Life in the ocean is the focus for the major new EU project BioEcoOcean. One main task will be developing a working method for supporting the development and coordination of ocean observations and measurements to make them comparable from one country, research group and management agency to the next. The project will last four years and has a budget of SEK 67.5 million.

“Today, marine organisms are observed and monitored in various ways around the world. Nor is there any well-developed overall strategy for doing so,” says Lina Mtwana Nordlund, who is coordinating the project from Uppsala University.

The lack of standardised methods makes it difficult to unequivocally answer questions about how organisms and ecosystems are responding to, for example, climate change.

“I work a great deal with seagrass. But what should I be measuring? Someone might measure coverage – i.e., how large an area the plants cover – another how many plants there are and a third something else entirely. Globally standardised and coordinated measurements will allow us to compare our measurements with one another wherever one is on Earth, as one does with temperature for example,” explains Nordlund.

Development of a tool

The main task of the project, which is part of the European Commission’s key funding programme for research and innovation, Horizon Europe, will be to build a system that facilitates equivalent and more useful marine observations. Work will begin in earnest in early 2024.

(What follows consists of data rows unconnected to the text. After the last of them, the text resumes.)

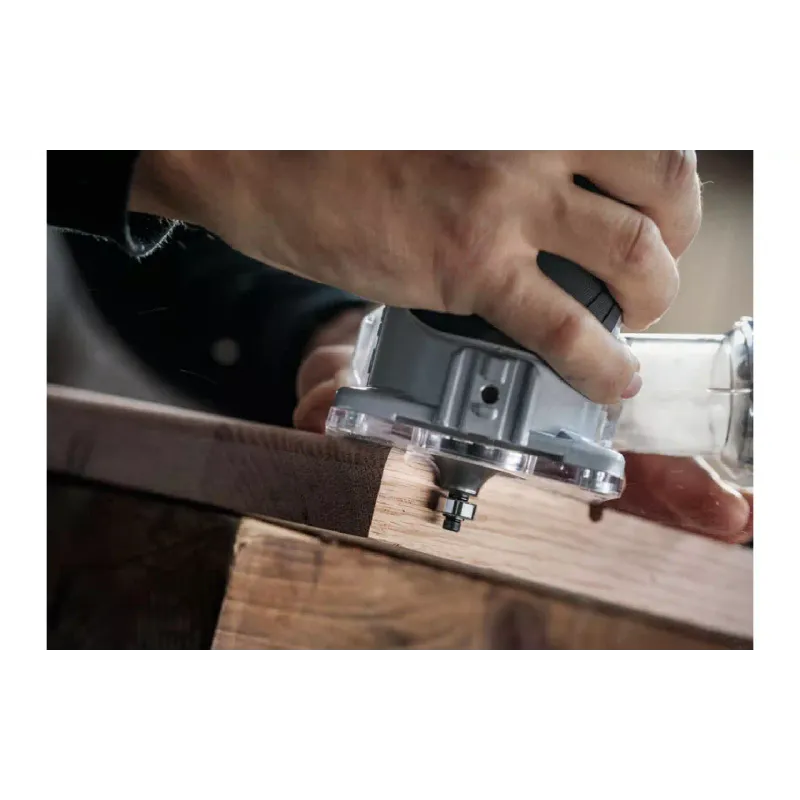 Marószerszám Bosch (2.608.628.344)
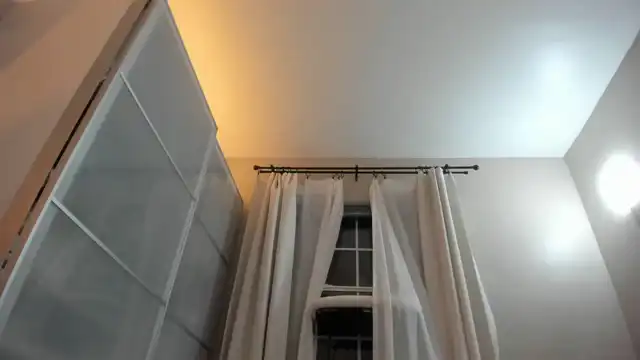 Eggytiff – [Myfreecams] Ass Camwhores Onlyfans – 2026-03-03 07:45:49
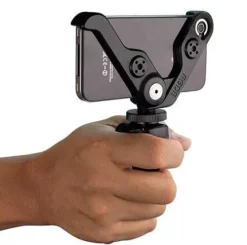 Rode Microphone Mounts><noscript><img width=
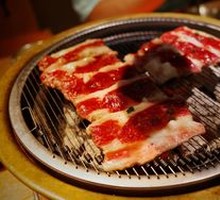 Secret-Recipe Beef Short Ribs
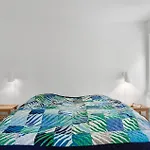 Ferienhaus 2 Bedroom Gorgeous In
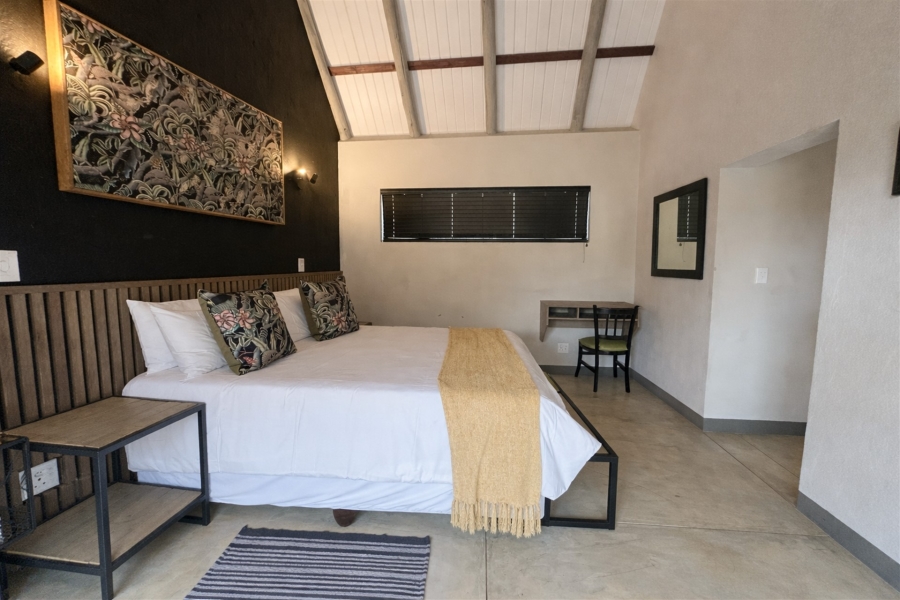 4 Bedroom Property for Sale in Hoedspruit Wildlife Estate Limpopo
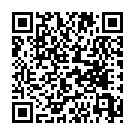 C&oacute;digo QR con el enlace al titular La madre de Nadia llegÃ³ al juzgado para contar Â«la verdadÂ» de las fotos de contenido sexual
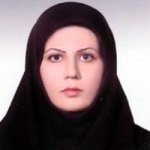 doctor-profile-image
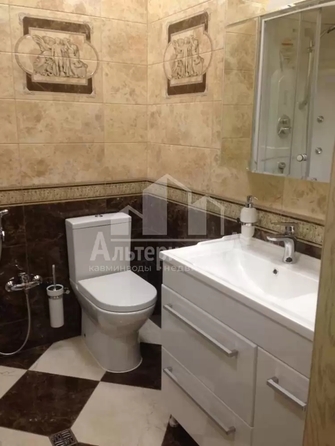 
  Продается 3-комн. квартира 114 м². Фото 13.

“We will be developing a tool to facilitate cooperation between planners, researchers, managers, data analysts and policymakers, among others. Development will take place in a co-creative process involving many different stakeholders. It is intended to support everyone involved with ocean observations in communicating with one another and thinking bigger,” says Nordlund.

It is particularly important to standardise measurements of what are known as essential ocean variables, i.e., things that are measurable and considered particularly important to understanding populations and ecosystems. This may, for example, be a matter of the distribution or quantity of fish and submerged aquatic vegetation. Understanding natural variations and what causes them is necessary if we are to create better models of future scenarios.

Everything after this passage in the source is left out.